● **Collected material**
____

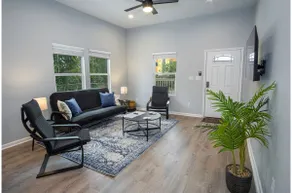 Your Dream Stay 4BR2BA Near Downtown Riverwalk - Image 3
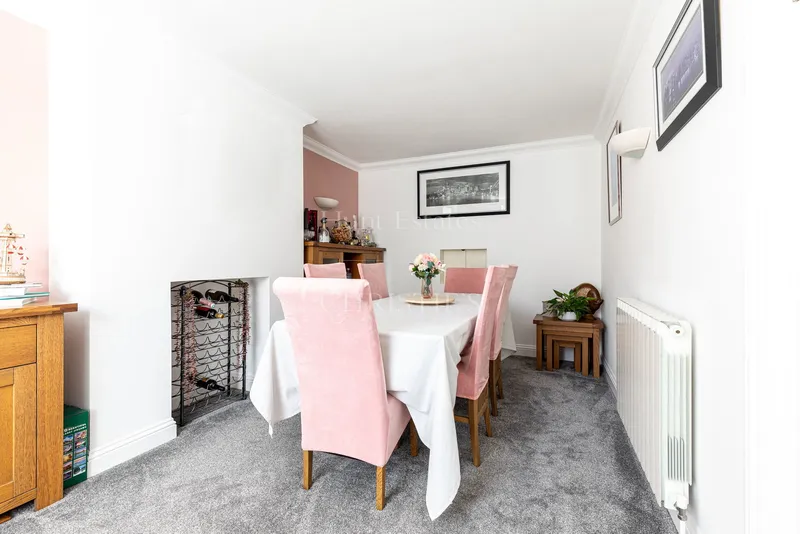 Immaculately Presented Four Bedroom Home (1,500 sq. ft.) In A Quiet And Convenient Location — photograph 9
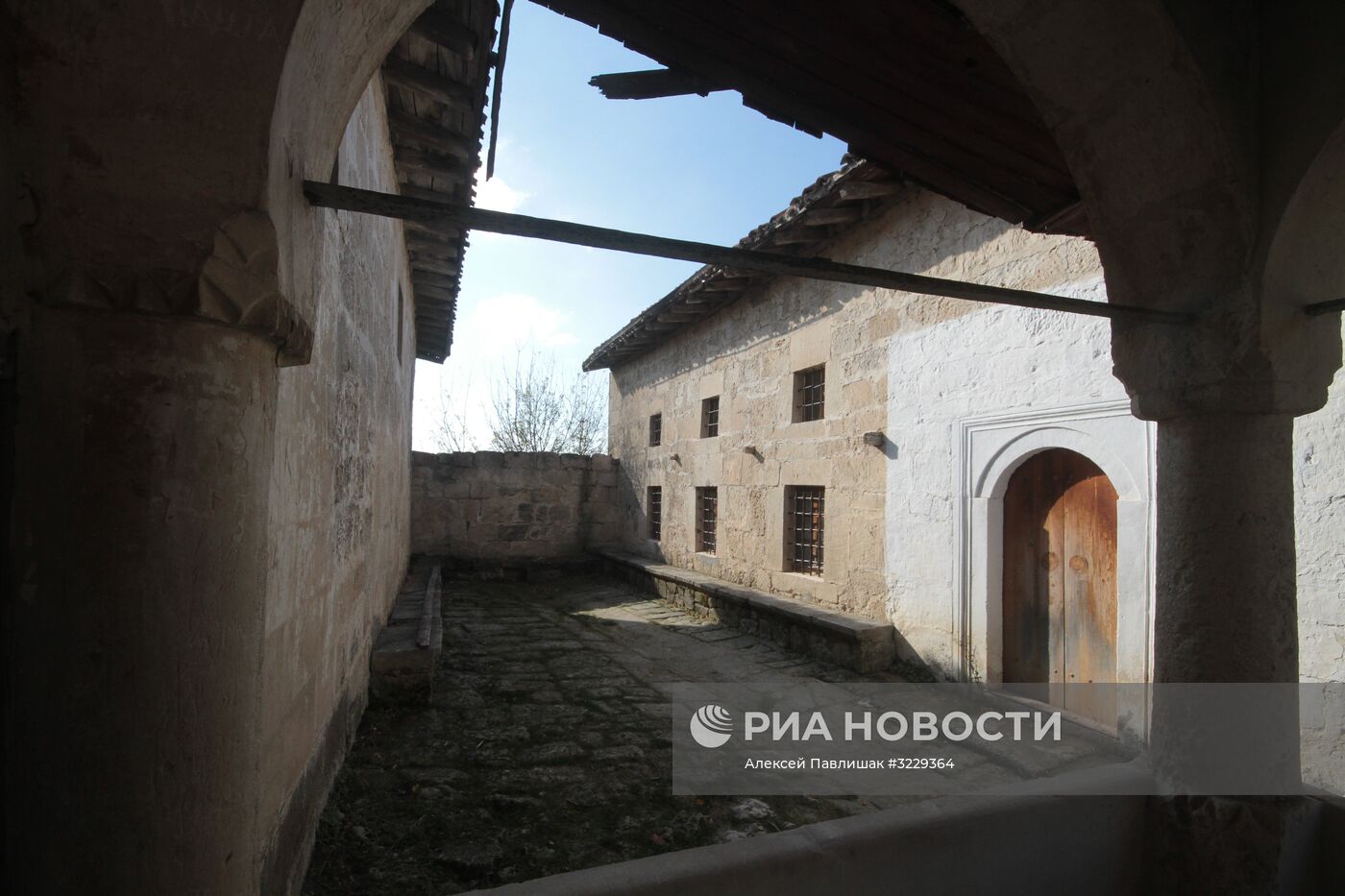 Пещерный город-крепость Чуфут-Кале в Крыму.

____

● **Task prompt**
Please set down, word for word, the lines starting at the line that holds "Immaculately Presented Four" and running to the end of the listing, with no pictures.

● **Response to this task**
 Immaculately Presented Four Bedroom Home (1,500 sq. ft.) In A Quiet And Convenient Location — photograph 9
 Пещерный город-крепость Чуфут-Кале в Крыму.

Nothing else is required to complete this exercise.